I closed my eyes. ‘It’s not—’

‘Leave,’ she said, moving past me. ‘Now.’

‘Karen,’ I said to her back. A few heads turned in my direction, including, eventually, hers. ‘I mean it, I’m here on duty. If this is a young woman then it could be connected to the man from the Palace.’ She glared at me. It felt like betting everything I had on one roll of the dice. For a moment the only sound came from the buzzing lights overhead, the water, lapping against the canalside. Finally she lifted the sheet from the body and looked at it.
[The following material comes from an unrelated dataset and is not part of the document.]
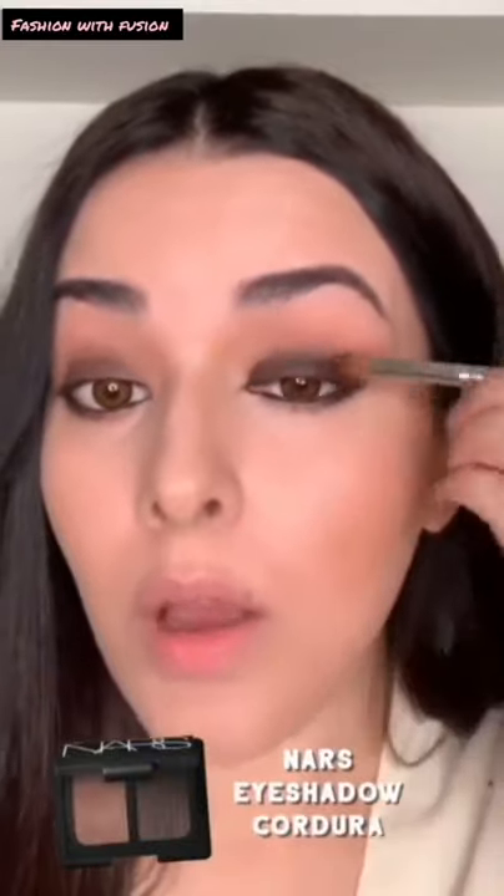I'm applying the MAC Black Track Fluid Line in the waterline — it's tight lining also. I'm taking a pencil brush with the same fluid line and applying it there. If you don't have the fluid line, you can use a kajal or whatever you have — you can even use an eyeshadow inside the waterline. I do that sometimes. We gotta improvise, right? I'm going to take the same and blend it on the top of my eyelid also.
‘It’s a man,’ she said, before turning her attention to it fully and casting me out of her mind. The officers gathered round either shared smiles or looked away in sympathy. I walked back up the bank to the street, feeling my face and neck burning red with humiliation. I couldn’t face going back to Cherry’s flat. Sutty had eyes and ears everywhere, and he probably knew what I’d done already. He could wait for SOCO to arrive on his own. I tried to think of anything useful I could do. Collier had mentioned the bridge beside the Palace as a meeting place for his girls, but when I went there I didn’t see any.

So Cherry had vanished into thin air.

When I reached my street in the Northern Quarter, I saw a car sitting outside the building. The lights were dimmed but as I got closer, the driver cranked them up to full beam, blinding me. I heard the roar of the engine and the car pulled out, missing me by inches. I went to my door and unlocked it before stopping. Remembering the zip-bag of some nameless amphetamine still in my pocket. I walked to the nearest grid and dropped it in. I paused, standing in the space where the car had been parked.

There was a pile of cigarette butts.

Fifteen to twenty of them. All smoked down to the filter and crushed before they’d been thrown out of the driver’s side window. Someone had been sitting here, waiting, watching, for some time. I looked along the road, wondering who it was and what it meant.





* * *





It felt like the car might come apart when they took the corner, but it turned off the main road and kept on going. There were no streetlights any more, and the way was complicated, impossible. It was just the four of them. The man and the woman, Bateman and Elaine, and the two kids, Wally and Ash.

They could all feel it.

The desensitizing effect of details, fizzing by the window.

Wally was sitting in the back, staring out into the endless dark, until the rattle of the car, the looping, unseen turns, became hypnotic to him. It was freezing cold and he could hear his little sister, Ash, chattering her teeth in the next seat. Wally held her hand because he thought she was scared, because he knew he was. It had been a few weeks since they’d forced their way into Holly’s home, and it felt like they’d been driving ever since. Sometimes they’d stayed on the floors of strangers. Sometimes they’d parked up in lay-bys and slept in the car. Finally, they’d settled in a messy terraced house. One night the grown-ups had been arguing and, when they fell abruptly silent, the boy had crept to the door and watched. On the TV he saw an emotional man and woman sitting at a table holding hands. The sound was muted but there was a large picture of Holly on the wall behind them. Bateman had been gone when they woke up and, after a few days, the boy started to hope he’d never come back. He had, though. He had something he wanted them all to see. Now the children rocked together in the back of the car, in a trance of slow movement.

‘Fuck’s sake,’ said Bateman, breaking the spell.

It was the first time anyone had spoken in hours and, because he was in the driver’s seat, the car stopped abruptly. There was just the sound of the engine turning over. There was just the blackness all around them. They reversed a few savage feet and then drove on in a different direction. Elaine, the children’s mother, was sitting rigid on the passenger side, her body not moving an inch with the motion of the car.

The grown-ups had woken the children in the early hours of the morning and then carried them downstairs, out on to the potholed driveway, to a cut-and-shut Skoda they’d never seen before. It was a new colour, somewhere between green and rust. Once they’d fastened their seat belts, the grown-ups slammed the doors and argued behind the car. Wally and Ash stared straight ahead, listening to the hissed, 2 a.m. voices from outside. Bateman’s deep, explanatory drone repeating the same sounds over and over again. He didn’t stop when their mother tried to cut in and it sounded as if they were having two separate conversations.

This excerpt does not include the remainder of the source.